#### Data in this exercise ####
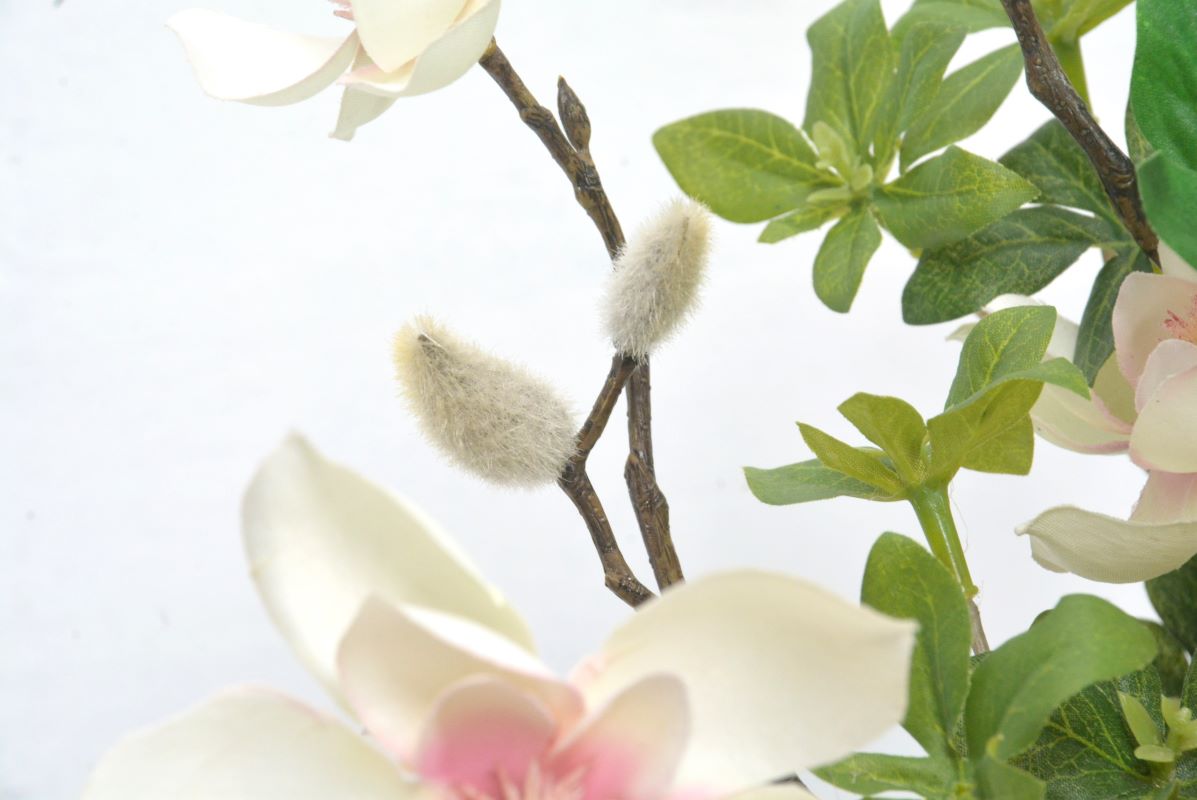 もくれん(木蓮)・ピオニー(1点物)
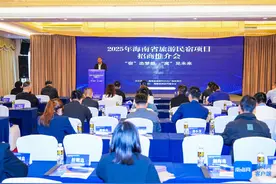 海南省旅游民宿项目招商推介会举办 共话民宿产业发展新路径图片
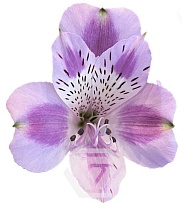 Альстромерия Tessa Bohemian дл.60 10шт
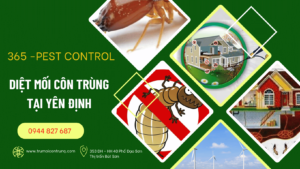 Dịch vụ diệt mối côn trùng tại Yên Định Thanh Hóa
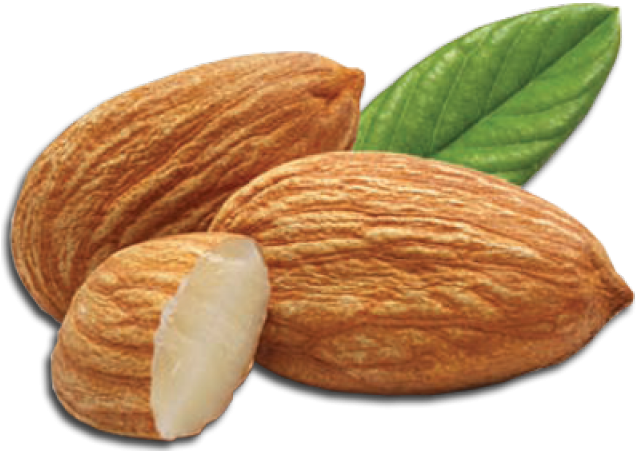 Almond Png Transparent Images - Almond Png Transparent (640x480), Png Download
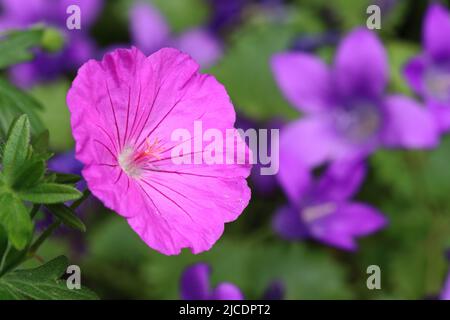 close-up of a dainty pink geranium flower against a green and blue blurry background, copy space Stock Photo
####
### Assigned task
Give back every line of the material exactly as written, but not the pictures.

### Completed task
 もくれん(木蓮)・ピオニー(1点物)
 海南省旅游民宿项目招商推介会举办 共话民宿产业发展新路径图片
 Альстромерия Tessa Bohemian дл.60 10шт
 Dịch vụ diệt mối côn trùng tại Yên Định Thanh Hóa
 Almond Png Transparent Images - Almond Png Transparent (640x480), Png Download
 close-up of a dainty pink geranium flower against a green and blue blurry background, copy space Stock Photo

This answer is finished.